Das war schon immer in der jüdischen Tradition. Jesus war aber der erste, der das so hervorgeholt hat.

Er war daher nicht Prophet ‒ man liest das ja noch in den Evangelien, dass man anfänglich versucht hat, ihn einzuordnen und einer dieser Einordnungsversuche war, ihn Prophet zu nennen, «ein großer Prophet ist unter uns aufgestanden» (Lk 7,16), aber es hat einfach nicht gepasst. Und zwar deshalb nicht, weil der Prophet typisch die Autorität Gottes hinter sich weiß. Der Prophet kommt und sagt: «So spricht Gott der Herr.» Der Prophet ist Sprachrohr Gottes. Und Jesus sagt nicht ein einziges Mal: «So spricht Gott der Herr» oder irgendetwas, was so ähnlich klingen könnte. Sondern ‒ was sagt er?

Er lehrt in Gleichnissen. Und das ist wieder einer der wenigen Punkte, die wir ganz sicher historisch über Jesus wissen, dass er in Gleichnissen lehrt.

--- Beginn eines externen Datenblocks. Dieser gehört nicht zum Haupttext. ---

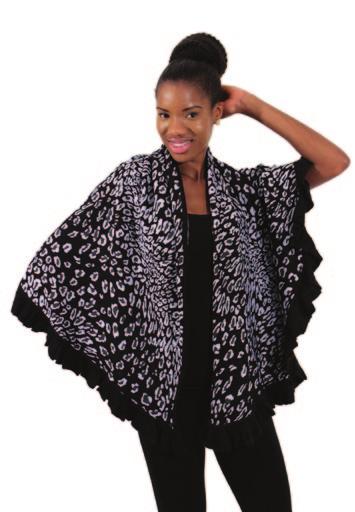 C-WF773 Leopard Print Poncho 100% acrylic. One size fits all. Made in China.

Und das heißt?

Sein typisches Gleichnis beginnt mit der Frage: «Wer von euch weiß das nicht schon?» ‒ «Wer von euch, der Saat sät oder Brot backt oder fischen geht oder Kinder hat oder Gäste empfängt, weiß das nicht schon?»

Und die Hörer sagen einstimmend: «Das weiß ja jeder.»

«Ah, wenn ihr es alle wisst, warum handelt ihr dann nicht darnach?»

So wirkt das Gleichnis: Wir schlucken diesen Fischhaken und schon hat er uns und zieht uns.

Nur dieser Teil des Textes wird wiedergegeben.